Las resoluciones de la Asamblea General y del Consejo de Seguridad de las Naciones Unidas, así como las resoluciones aprobadas por otros organismos internacionales, reflejan la condena mundial de la invasión turca y las consiguientes acciones agresivas contra la República de Chipre. A través de estas resoluciones se exige, entre otras cosas, la retirada de las tropas extranjeras, el regreso seguro de los refugiados a sus hogares y el esclarecimiento del destino de las personas desaparecidas. Además, se exige el respeto de los derechos humanos de todos los chipriotas, así como el respeto de la independencia, la soberanía y la integridad territorial de Chipre. El Tribunal Europeo de Derechos Humanos, en su sentencia del 10 de mayo de 2001 sobre la cuarta demanda interestatal de Chipre contra Turquía, condenó a Turquía por las continuas violaciones de los derechos humanos en Chipre.

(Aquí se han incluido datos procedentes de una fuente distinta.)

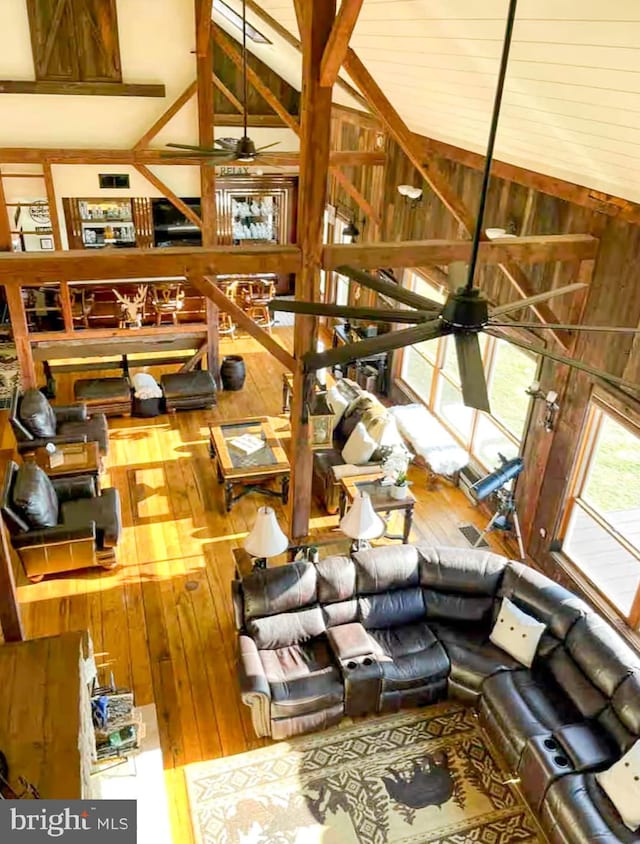 living room with lofted ceiling with beams, hardwood / wood-style flooring, ceiling fan, and wood walls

En 2014, en una sentencia posterior, el Tribunal concedió una indemnización equitativa (just satisfaction) por un importe de 30 millones de euros, que Turquía deberá abonar a las familias de los desaparecidos, y de 60 millones de euros a los residentes grecochipriotas enclavados en la península de Karpasia. Las negociaciones para la resolución del conflicto de Chipre se llevan a cabo desde 1975 bajo los auspicios de la ONU, sobre la base de las resoluciones pertinentes del Consejo de Seguridad, así como de los dos Acuerdos de Alto Nivel. El primer Acuerdo se firmó en 1977 y estableció las directrices para las negociaciones posteriores. El segundo Acuerdo de Alto Nivel, celebrado en 1979, incluyó entre sus disposiciones el respeto de los derechos humanos y las libertades fundamentales, la desmilitarización, así como garantías satisfactorias de la independencia y la integridad territorial de la República. Preveía, además, que se diera prioridad a la devolución de Famagusta a sus legítimos residentes. Desde mayo de 2015 hasta junio de 2017, las negociaciones avanzaron de forma intensa y se lograron un progreso significativo en un gran número de cuestiones. La puesta en marcha de un nuevo proceso de negociaciones sustantivas reavivó el interés internacional, generando un nuevo impulso positivo para resolver el problema.